In a downward commodity cycle, a common discussion is the “should I sell something” discussion. If it is determined that a sale is the best way to fill a cash flow hole in the operation, let’s discuss how to analyze the decision on what to sell.
When we are talking about assets on the farm there are 3 types:
- Productive Assets – Provide support and generate revenue to fund operations and debt payments
- Essential Assets – Needed assets, but are low revenue producers
- Non-Productive Assets – Not used or are expensive to use relative to the little or no income they contribute (Lazy Assets)
Clearly, the first asset category to consider is the lazy asset category. So, let’s chat about that. Why did you acquire the asset? Let’s say it is under productive farm ground. Was it acquired -spontaneously (it was available), for tax purposes, for growth, because it was family ground, etc…?

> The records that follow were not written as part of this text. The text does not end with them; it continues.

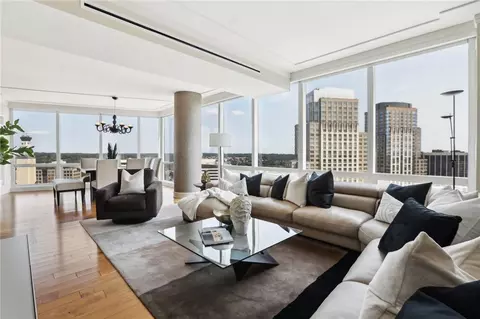 1 Renaissance Sq #25A, White Plains, NY 10601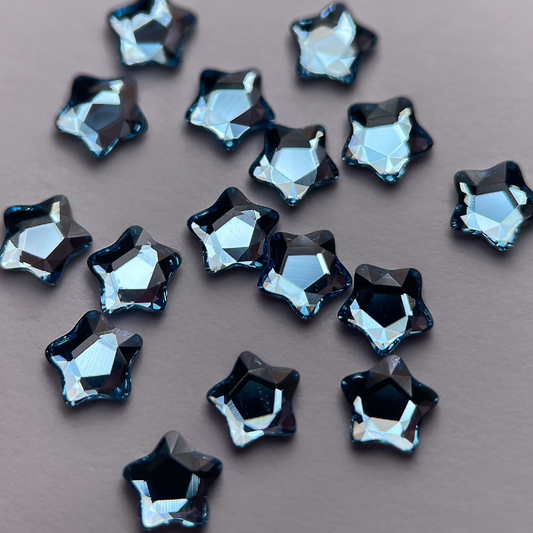 Zoom sur strass dentaire Swarovski en forme de petite étoile, couleur skyblue.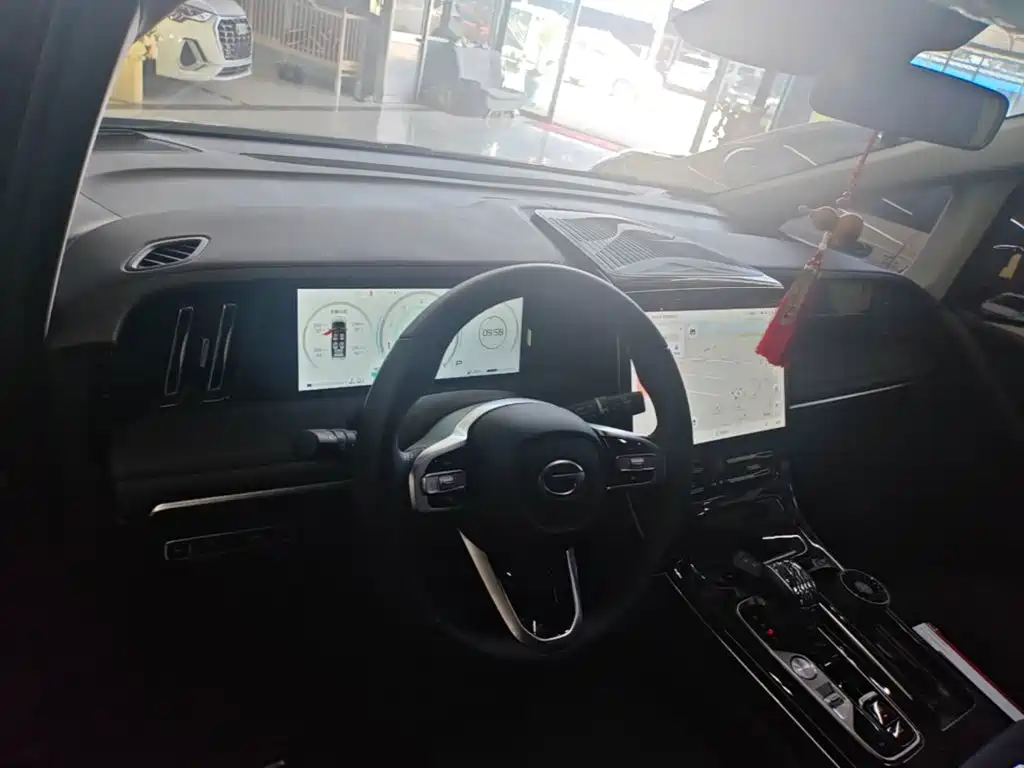 GAC Trumpchi M8 2025 — фото 10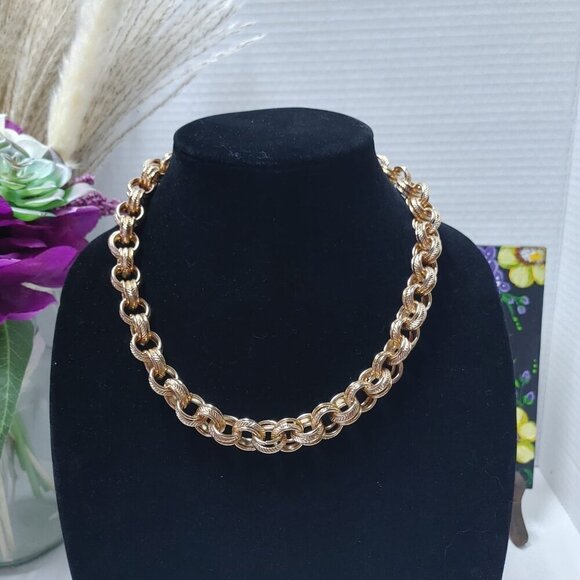 Gorgeous Gold Tone Triple Link Chain Necklace - Picture 5 of 7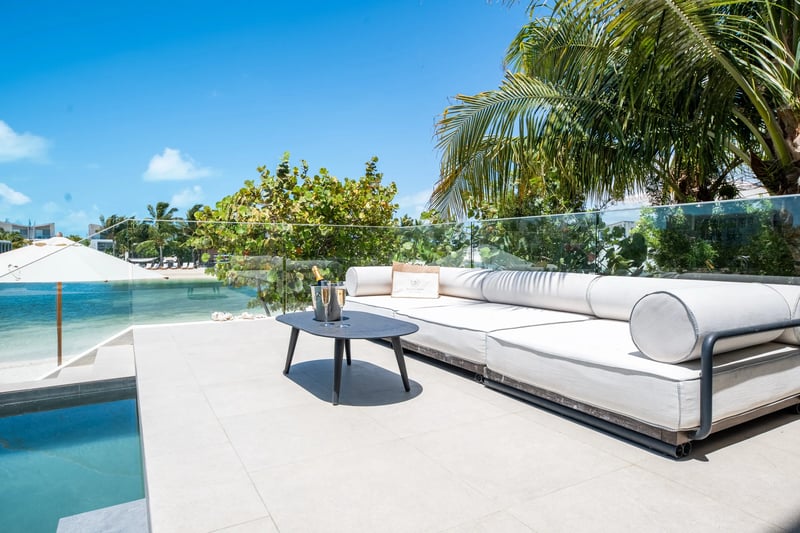 6 Bedroom Lagoon Villa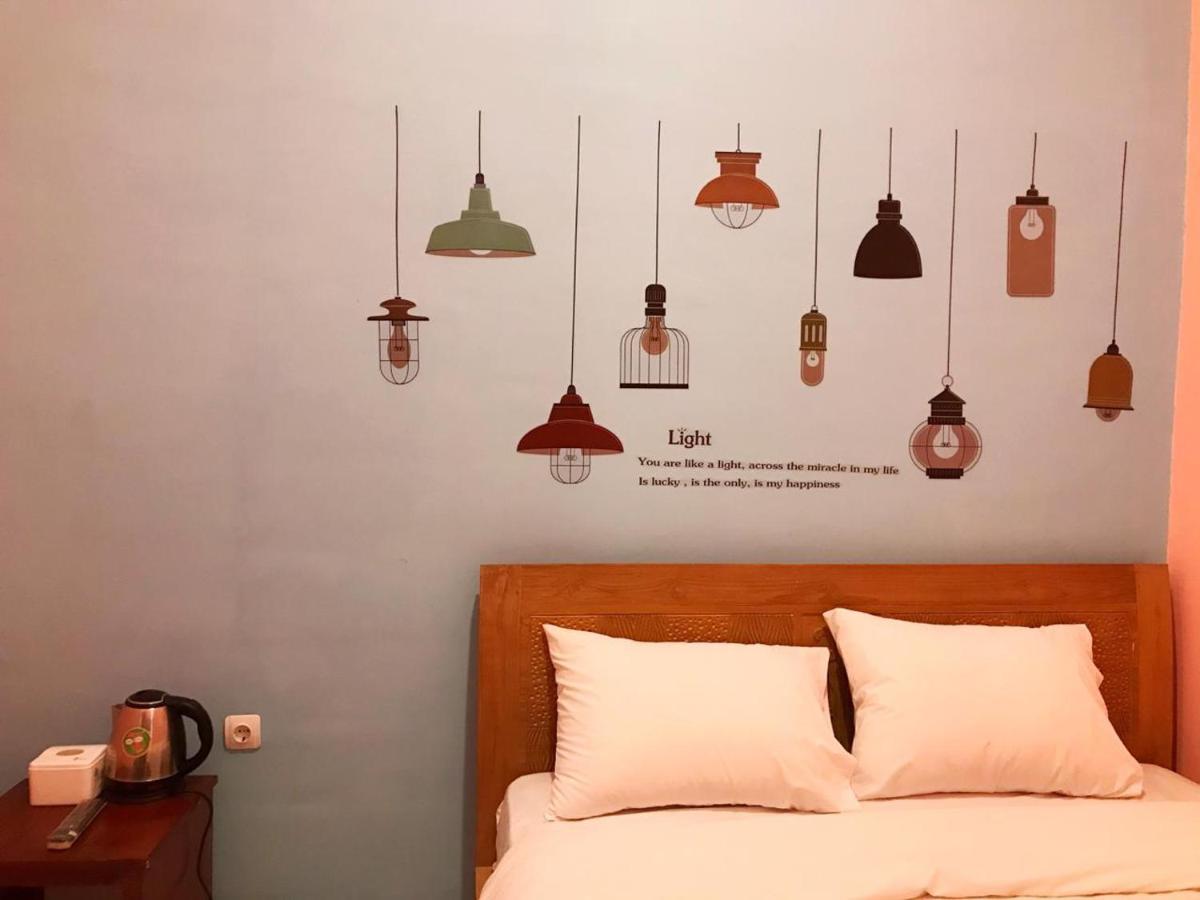 Roomz Budget Residence Семаранг Экстерьер фото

Now that the reason is identified – was it a justified purchase? Does it still make sense? What changed? Now that we have the fundamental reasons behind the purchase understood, let’s talk about real numbers. How much has that asset MADE your business? Pull out all the numbers. How does that piece of ground stack up against others? Does it make you money? Or is it creating a hole that other productive tracts have to fill?
Selling assets does not equate to weakness. You are the asset manager of the farm, it is your job to make your assets work for you! Assets are not children, you can sell them if they are lazy and don’t pull their weight. Being profitable is more important than how many acres you farm. Someone that farms 1,000 acres can have a higher net income than someone that farms 10,000 acres. Management is key. Manage your assets and make them work for you (not be lazy.)